WHAT THE TASK REQUIRES
The expected result is the full listing, retyped exactly, without a single picture.

GIVEN MATERIAL
────────────────
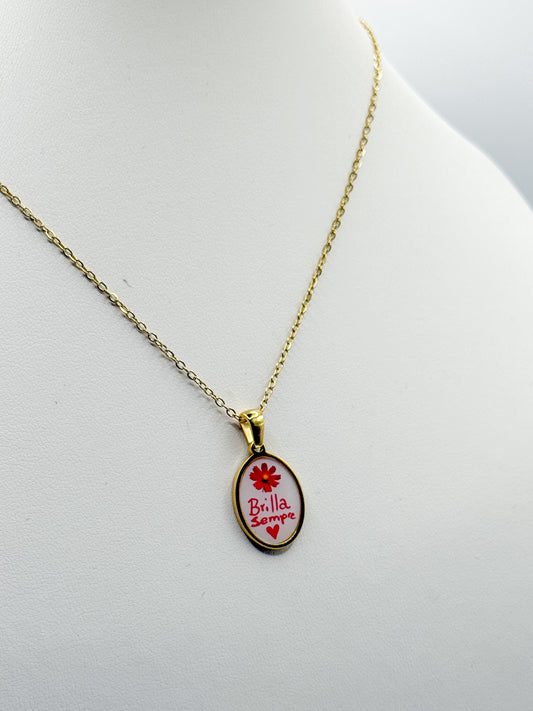COLLANA “BRILLA SEMPRE”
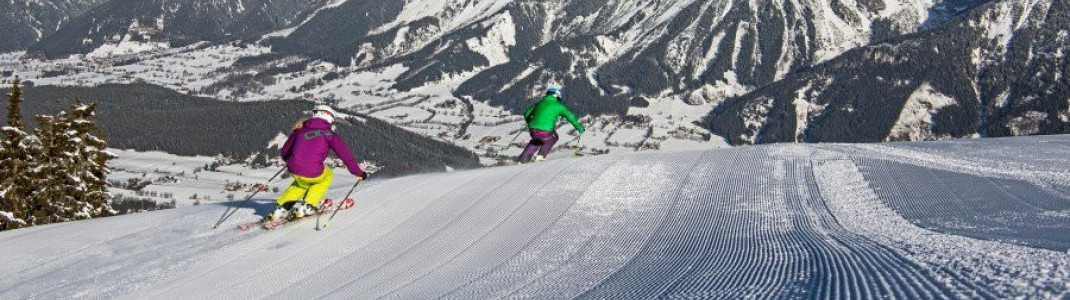 Die Planai ist Teil der 4-Berge-Skischaukel.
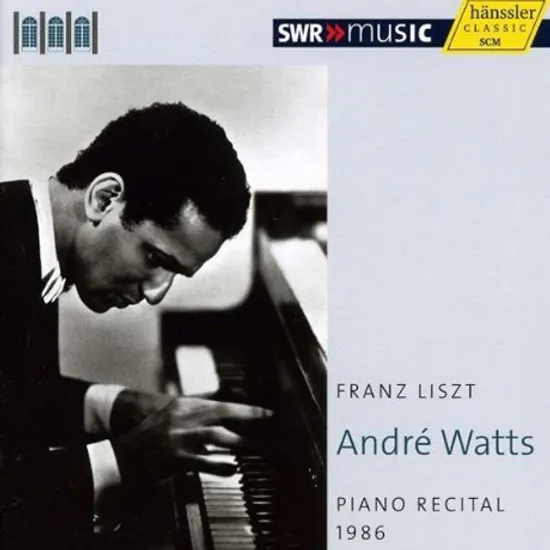 PIANO RECITAL 1986/ ANDRE WATTS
────────────────
SOLUTION FOR THIS TASK
COLLANA “BRILLA SEMPRE”
 Die Planai ist Teil der 4-Berge-Skischaukel.
 PIANO RECITAL 1986/ ANDRE WATTS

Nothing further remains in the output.